どんな設問が出ても、鋭い切り口をみつけて論じて欲しいのです。

難しく言えばカッティングエッジがどれくらい切り立っているのかを見たいのです。

rawpixel / Pixabay

そうでなければ、合格答案になりません。

最近は難しい問題が出ます。

時事的なものや喫緊のテーマ。

AI、格差社会、災害、少子高齢化、モラル、ジェンダー、環境。

どれが出ても不思議ではありません。

しかしこれらの内容は十分に準備可能なものともいえます。

とにかく勉強して知識を増やしていけばいいのです。

その反対につかみどころのないものも出題されます。

抽象的な単語を1つあげて、その内側をさぐらせるといったタイプのものです。

作文と小論文の差がよくわかっていない人にとってはかなり苦しい作業です。

抽象を具体に

抽象的な言葉をポツンと出されたらさてどうしますか。

自分自身の体験の中からなんとかテーマにあった内容を探し出して解答していくでしょう。

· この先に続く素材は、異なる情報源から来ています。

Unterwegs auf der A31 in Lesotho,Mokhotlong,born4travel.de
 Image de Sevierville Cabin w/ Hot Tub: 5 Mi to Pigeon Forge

しかし実際にやってみると、どうしても感想を書いてしまいがちです。

これでは作文なのです。

ダメです。

評価が非常に低くなります。

どんな問題があるのか考えてみましょう。

本当に書きにくくて抽象的な表現があります。

よく出る言葉ですね。

「幸福」「豊かさ」。

人間にとって幸福とは何か。

豊かさとは何か。

こういう曖昧な問題が小論文にはよく出ます。

課題文型ではありません。

テーマだけというタイプです。

なんでも書けそうです。

しかしこれが難しい。

小論文はあくまでも問題解決への道筋を論理で示すものです。

こういうワケのわからない問題の時は、まず自分にとって幸福とか豊かさとはなんだろうと真剣に考えてください。

今の自分が豊かでないとしたらそれはなぜか。

幸福でないとしたらそれはどこからくるのか。

今の状況の中で、幸福や豊かになることを阻んでいるものがあるとすればそれは何か。

じっくりと考えてください。

そこにしかヒントはありません。

テーマを掘り下げる

自分の問題として深堀りします。

なぜ自分は豊かになり得ていないのか。

自分の問題なのか。

社会になにかの原因があるのか。

幸福についても同様です。

どこかにもし原因があるとすれば、それを取り除く手段があるのかどうか。

じっくり考えるという態度が必要です。

解決策といってしまうと大ゲサかもしれません。

しかしそれに類することを書かなければ、ただ豊かさとはこんなものだという一般論を示しただけで終わってしまいます。

それではただの作文です。

豊かであるとは当然物心両面に関わる問題でしょう。

しかし物が身の回りにあっても、心が閉ざされていれば豊かとはいえません

自分の存在が他者に認められ、社会的に認知される。

そして自分でない他者に感謝され、またその人のためになっているという感覚が自分で得られるかどうか。

そのことも大きな意味を持ちます。

geralt / Pixabay

どうしたらその実感をもてるのか。

自分という存在は他者との関わりの中で成長していくことが1番必要であるという点。

他者との関りを切り捨てたところに心の自由はなく、また豊かさもないという論点。

真の自由を得るには「生の充実」が不可欠であり、それは自分を生き生きと実現したことでしか得られないということ

これらを強調してほしいのです。

わかりますか。

自分の問題

ただなんとなくこうしたら豊かでしょうなどという文を書いたのでは高い評価は得られません。

あくまでも自分の問題として切りこんでいくという覚悟が大切なのです。

それがあれば、採点者はこの受験者はいろいろな苦労をし、ここまで頑張ってきた。

これからも自分の力で強く生きていくに違いないと実感します。

そうした学生に入学してもらえれば、大学もより活性化するのです。

いい学生というのは、成績のいい学生だけではありません。

生きる力を持った前向きの人間です。

大学に活力をもたらしてほしい。

そういう学生に入学してもらいたい。

それが偽らざるところです。

逆にいえば、小論文の中でここまで自分のことをじっくり考え、それを実践しようとしているということを示せば、大きなポイントになります。

長い課題文の問題でも、それはかわりありません。

その中の意見に対して、自分ならば、このような切り口から問題を捉えるという態度をみせて欲しいのです。

その勢いがあれば必ず採点者に通じます。

必死でそうした資質を持っている生徒を探しているからです。

しょぼいどこにでもあるような切り口で解答を書いてもダメです。

受け入れられません。

それより少々言葉は拙くても、自分の経験や考えにしたがって一直線に切った文章の方が、ずっといいのです。

読んでいても力を実感します。

文章を読み終えた後、全体像がみえてくるもの。

抽象的なテーマならば、なるべく具体的なキーワードを探してください。

説明をするのならよりわかりやすく書くこと。

それもできたらポイントが1つなのか2つなのかをはっきりさせること。

自分にとってこの問題はどういう意味を持ちうるのかということをはっきりさせてください。

筆者と同じ視点にたって、似たようなところをグルグル廻るのだけはやめましょう。

つねに自分の立ち位置を明確にすること。

いいかげんな態度でどちらの立場にたつのかが不明確なものは最悪です。

どこまでも鋭く、切っ先を鮮やかにすること。

これが合格への近道です。

最後までお読みいただきありがとうございました。